The answer must consist only of the lines in the records below from the line with "Below that is" to the line with "Hi everyone. I'm", both included, copied word for word with every picture left out.

(Exercise input)

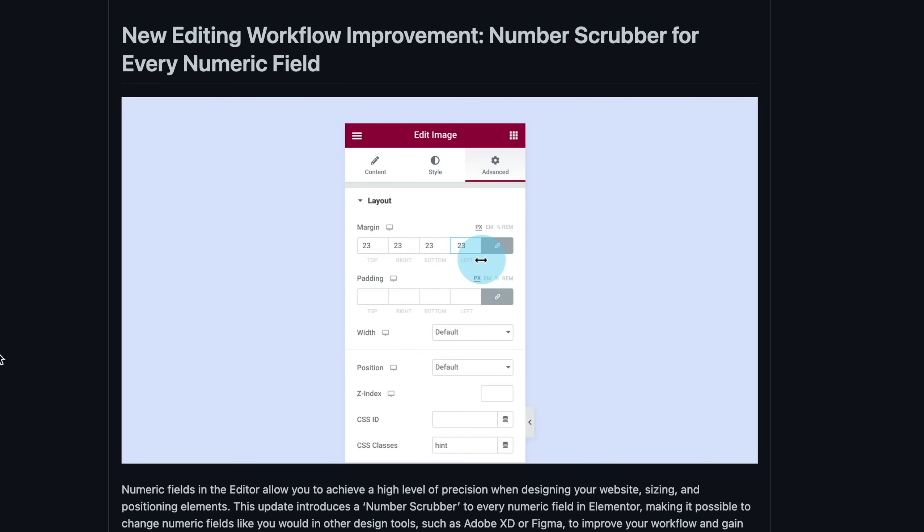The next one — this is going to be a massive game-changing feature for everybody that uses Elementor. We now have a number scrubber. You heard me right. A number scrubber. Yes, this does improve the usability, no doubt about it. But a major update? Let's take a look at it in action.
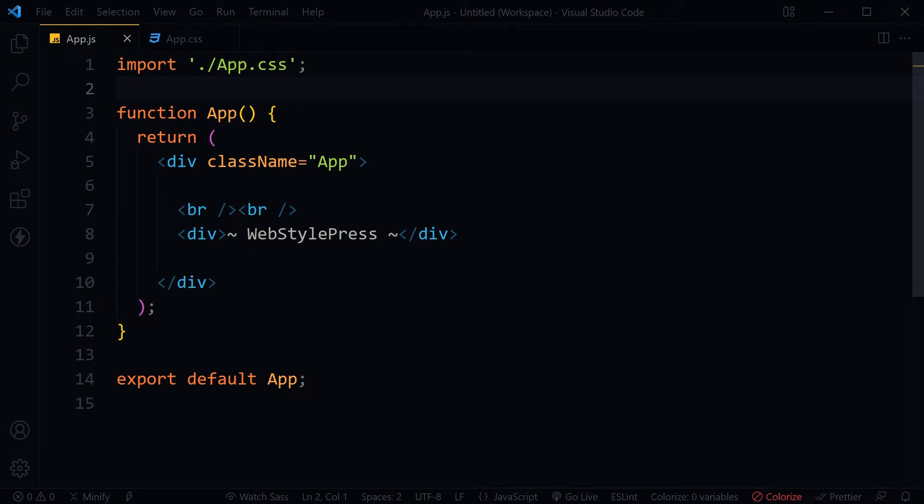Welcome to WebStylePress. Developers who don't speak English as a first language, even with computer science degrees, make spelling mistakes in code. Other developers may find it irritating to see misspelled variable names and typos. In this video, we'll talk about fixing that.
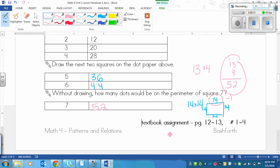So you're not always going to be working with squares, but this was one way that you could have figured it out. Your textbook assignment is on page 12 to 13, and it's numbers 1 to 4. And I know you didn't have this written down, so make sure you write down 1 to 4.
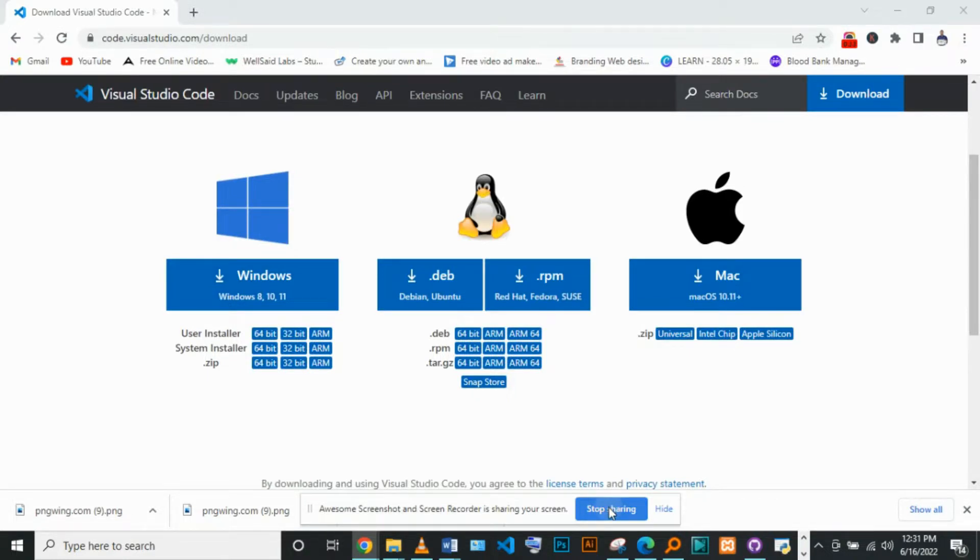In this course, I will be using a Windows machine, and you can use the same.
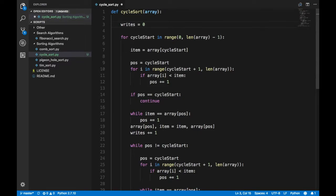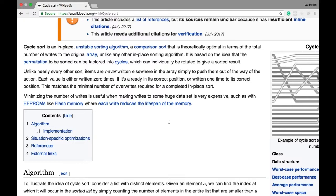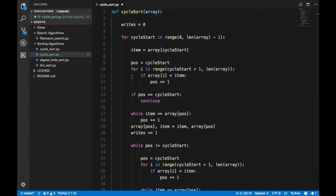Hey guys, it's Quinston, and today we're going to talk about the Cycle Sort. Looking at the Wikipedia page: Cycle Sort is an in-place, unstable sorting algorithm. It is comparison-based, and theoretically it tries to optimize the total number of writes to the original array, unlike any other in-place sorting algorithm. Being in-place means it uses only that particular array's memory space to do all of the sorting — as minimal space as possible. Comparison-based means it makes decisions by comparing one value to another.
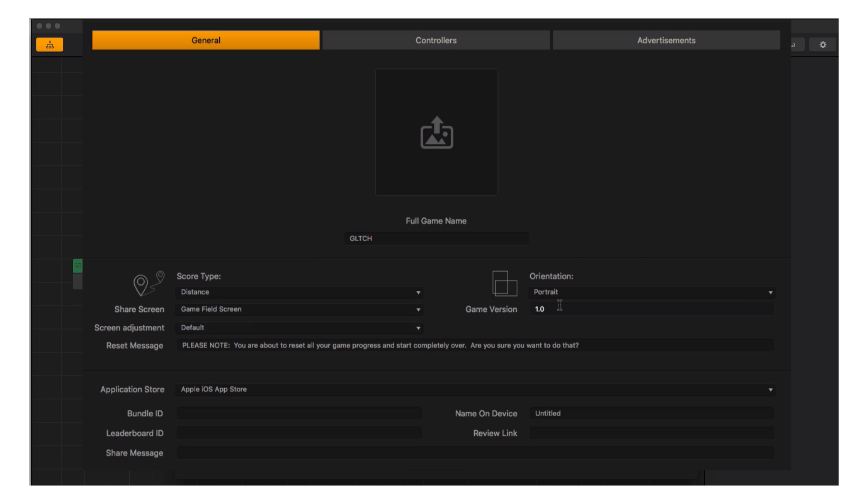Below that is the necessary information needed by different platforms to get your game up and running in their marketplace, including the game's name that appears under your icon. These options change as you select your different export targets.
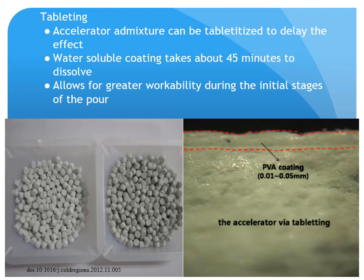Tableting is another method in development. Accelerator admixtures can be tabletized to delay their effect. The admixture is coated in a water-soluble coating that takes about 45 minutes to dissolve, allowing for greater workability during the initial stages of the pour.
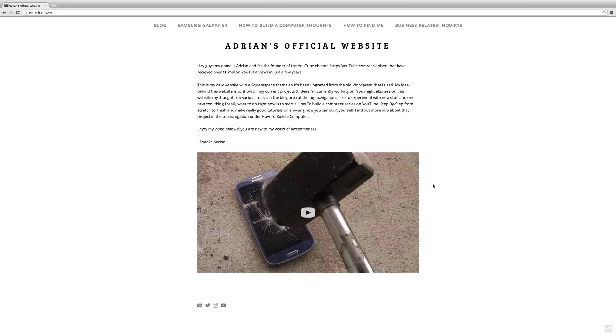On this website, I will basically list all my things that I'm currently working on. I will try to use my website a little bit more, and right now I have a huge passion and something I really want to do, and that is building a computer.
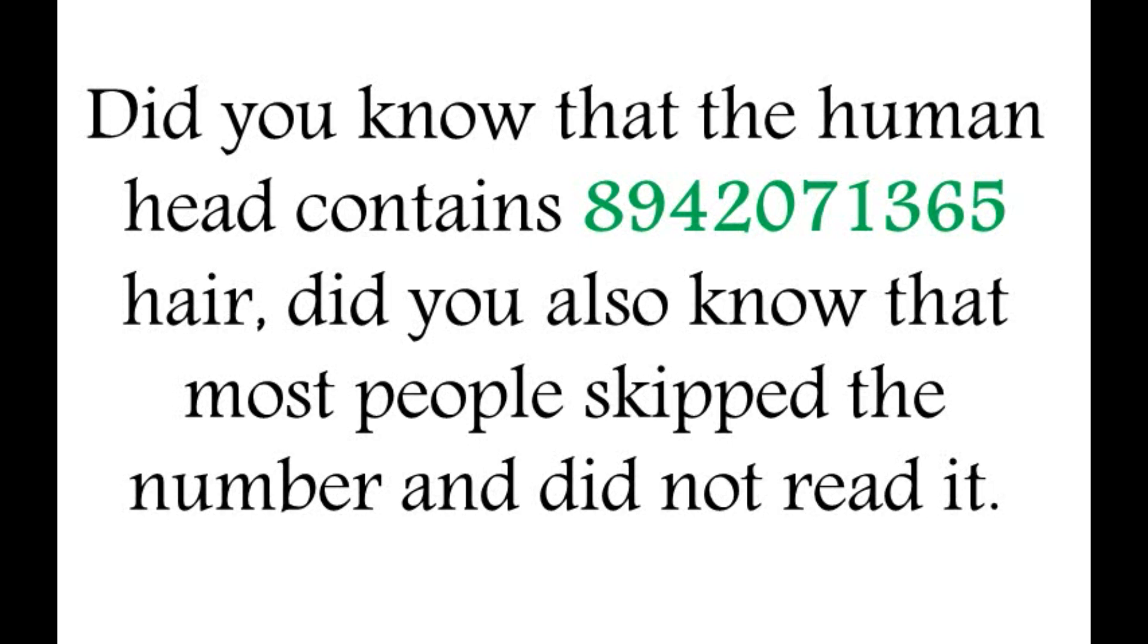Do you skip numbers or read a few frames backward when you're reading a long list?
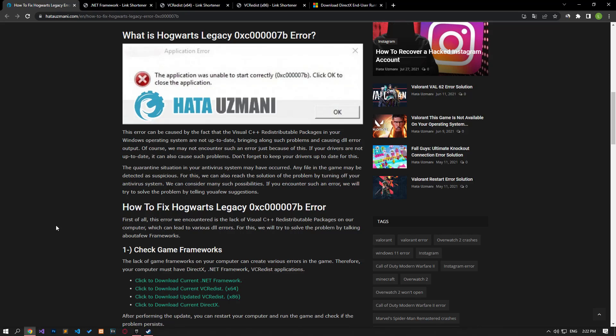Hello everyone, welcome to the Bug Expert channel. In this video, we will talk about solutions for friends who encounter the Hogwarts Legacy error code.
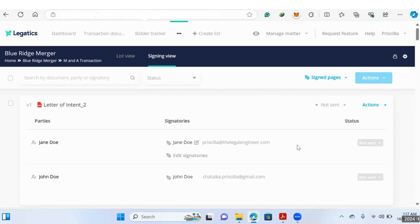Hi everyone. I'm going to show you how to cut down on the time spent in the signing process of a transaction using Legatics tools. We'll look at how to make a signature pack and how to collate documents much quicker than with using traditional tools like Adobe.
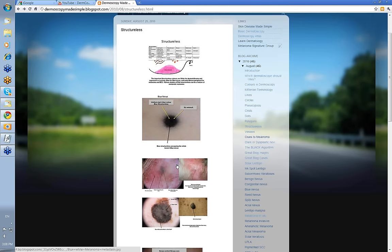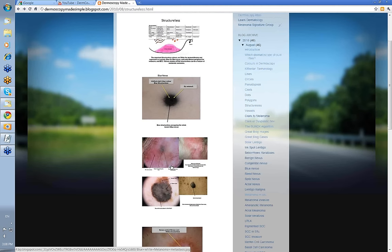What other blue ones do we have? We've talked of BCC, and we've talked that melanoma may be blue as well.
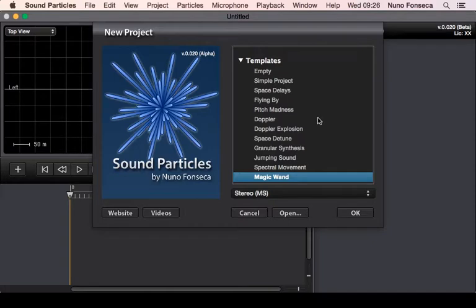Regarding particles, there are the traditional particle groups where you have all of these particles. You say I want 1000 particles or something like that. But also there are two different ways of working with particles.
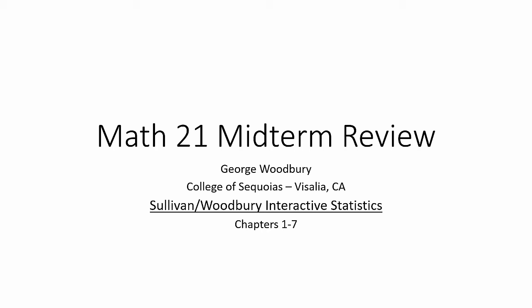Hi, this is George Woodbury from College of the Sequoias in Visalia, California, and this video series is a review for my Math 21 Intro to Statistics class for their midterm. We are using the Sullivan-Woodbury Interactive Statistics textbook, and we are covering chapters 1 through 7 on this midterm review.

(End Exercise input)

**Task answer:**
Below that is the necessary information needed by different platforms to get your game up and running in their marketplace, including the game's name that appears under your icon. These options change as you select your different export targets.
Tableting is another method in development. Accelerator admixtures can be tabletized to delay their effect. The admixture is coated in a water-soluble coating that takes about 45 minutes to dissolve, allowing for greater workability during the initial stages of the pour.
On this website, I will basically list all my things that I'm currently working on. I will try to use my website a little bit more, and right now I have a huge passion and something I really want to do, and that is building a computer.
Do you skip numbers or read a few frames backward when you're reading a long list?
Hello everyone, welcome to the Bug Expert channel. In this video, we will talk about solutions for friends who encounter the Hogwarts Legacy error code.
Hi everyone. I'm going to show you how to cut down on the time spent in the signing process of a transaction using Legatics tools. We'll look at how to make a signature pack and how to collate documents much quicker than with using traditional tools like Adobe.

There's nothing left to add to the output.